Thad leaned back against a convenient rock and let the grin spread across his face. “I don’t think you will.”
“Will what?” she asked, exasperated.
“Go back to being Kessler’s fetch girl.”
“Fetch girl? I was, uh, am his assistant,” she said, indignantly.
“Whatever. I still don’t think you’ll go back.”
She poured water into the pot and hung it over the fire. Kessler’s assistant wouldn’t have done this, she thought. Maybe she wouldn’t take her old job back, but then again, she didn’t want to have a repeat of the animal attack, either. She knew that she would have to spend a year with an experienced Op doing things that she had only heard about and probably some things that she had no concept of if this trip were anywhere near the norm for what Ops did.
She tried to force away the ominous thoughts that had been gathering, but her mind kept drifting back to the subject. As she looked over at a grinning Thad, she quietly said, “Something is badly wrong at Temporal, isn’t it? Mr. Kessler used all the power he could get to push us down-time as fast as he could. Then, he moved us to intercept the Traveler. This trip took priority over everything. Now, nothing.”
Thad pulled a blade of grass and started to chew on its stem, refusing to look at her now. When the silence grew awkward, he said, “I just don’t know.”
“That’s what you were thinking about last night when you didn’t wake me on time, isn’t it?”
“Yes,” he finally agreed. “Anything my mind comes up with that would have delayed the chamber this much isn’t good,” he admitted. “At least we have coffee and enough supplies to last us several weeks.

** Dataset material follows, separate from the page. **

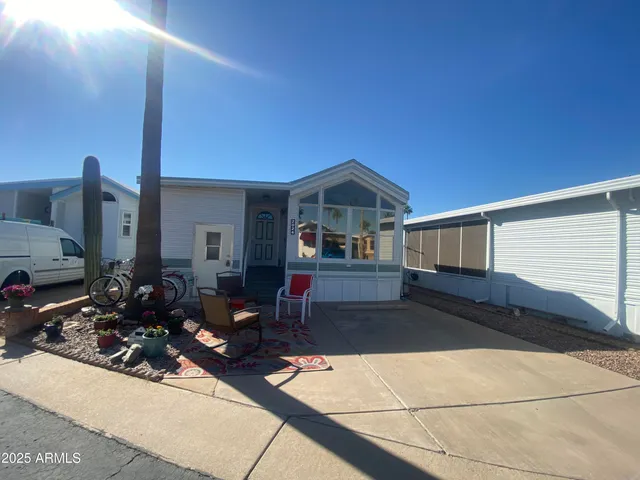 $215,900 | 2024 South Walla Walla Drive, Apache Junction, AZ 85119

That’s a lot more than I had last time I was back here. I wonder if I could get away with bringing a book to read?” he mused.
“Oh, Thad, one minute you’re so serious, and the next, you’re flippant. You know that you could never get a book past Mr. Kessler, but you could bring thousands in your PA.”
“I know it’s weird, but I enjoy reading from a real book sometimes. Besides, I managed to get the coffee and several other things past him. But we both know that I wouldn’t waste that much energy on something like a real book. Despite my occasionally having fun at Kessler’s expense, I’m not quite that juvenile.”
Thad finished his coffee while Kathy puttered around the camp. At length, he told her he was going to have a look around. He first checked the picket sensors to make sure they were all working. After finding all in good order, he decided to circle the camp about a quarter of a kilometer out. The going was rough with all the rocks and boulders that had apparently tumbled down off the hillside above them, and the more he struggled through the rough terrain, the more concerned he became. This stuff could conceal anything.